The instant petition should also be dismissed for lack of jurisdiction. As noted by the Court in the adjudication of petitioner's prior petition, this Court only has jurisdiction to consider habeas applications by persons "in custody pursuant to the judgment of a State court." See 28 U.S.C. § 2254(a); see also Maleng v. Cook, 490 U.S. 488, 490 (1989) (quoting 28 U.S.C. § 2241(c)(3), with emphasis added by the Supreme Court) ("The federal habeas statute gives the United States district courts jurisdiction to entertain petitions for habeas relief only from persons who are "in custody in violation of the Constitution or law or treaties of the United States."). In this case, petitioner is in custody based on his Indiana conviction and sentence, see supra n.1, not because of the Ohio court judgments regarding child support payments. See Adams v. Unknown Pary, No. 1:18-cv-595. 2018 WL 3031014, at *3 (W.D. Mich. June 19, 2018) ("The burden created by an order to pay child support does not rise to the level of custody."). In addition, the state court decisions challenged herein do not constitute rulings requiring petitioner's future custody in Ohio for non-payment of child support. Therefore, petitioner is unable to satisfy the "in custody" requirement for federal habeas jurisdiction to lie. Cf. Lehman v. Lycoming Cnty. Children's Services Agency, 458 U.S. 502, 510-11 (1982) (holding that the petitioner, who was "simply seek[ing] to relitigate through federal habeas . . . the interest in her own parental rights," was not "in custody" within the meaning of § 2254); Collier v. Petro, No. 1:05cv2908, 2007 WL 81849, at *4-5 (N.D. Ohio Jan. 8, 2007) (relying on Lehman, the district court held that the petitioner, who was challenging state-court rulings regarding visitation rights in a domestic relations case, failed to satisfy § 2254's "in custody" jurisdictional requirement because he had not "raised any issue involving his prior imprisonment and custody on [a] contempt finding" and had merely raised a "visitation rights issue").
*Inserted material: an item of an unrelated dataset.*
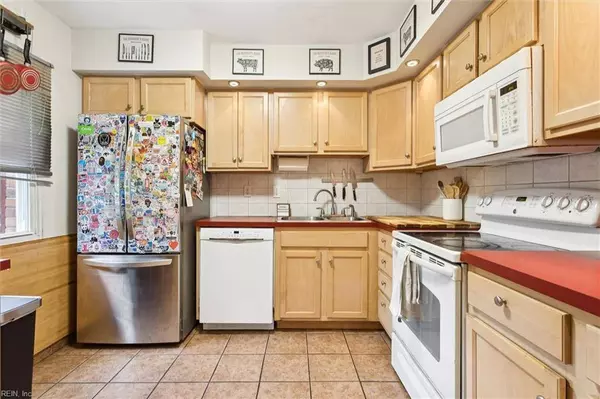 738 Biltmore DR, Virginia Beach, VA 23454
In any event, courts that have considered the issue have consistently held out of "deference to state expertise in the field of domestic relations" that the extraordinary remedy of a writ of habeas corpus is not available, and indeed would be "inappropriate," in such cases. See, e.g., Castorr v. Brundage, 674 F.2d 531, 535-36 (6th Cir. 1982); see also Lehman, 458 U.S. at 515-16 (holding that "§ 2254 does not confer federal-court jurisdiction" in cases involving child-custody disputes); Jacobson v. Summit Cnty. Children Services Bd., 202 F. App'x 88, 909 (6th Cir. 2006) (relying on Lehman in holding that the court lacked habeas jurisdiction to review the state court's judgment involuntarily terminating parental rights); Collier, supra, 2007 WL 81849, at *5 (holding that the petitioner was "forbidden from" seeking to "overturn the Ohio Supreme Court's decision in his state-court child visitation battle by way of a habeas Petition" because "district courts clearly lack jurisdiction over state court child custody decisions").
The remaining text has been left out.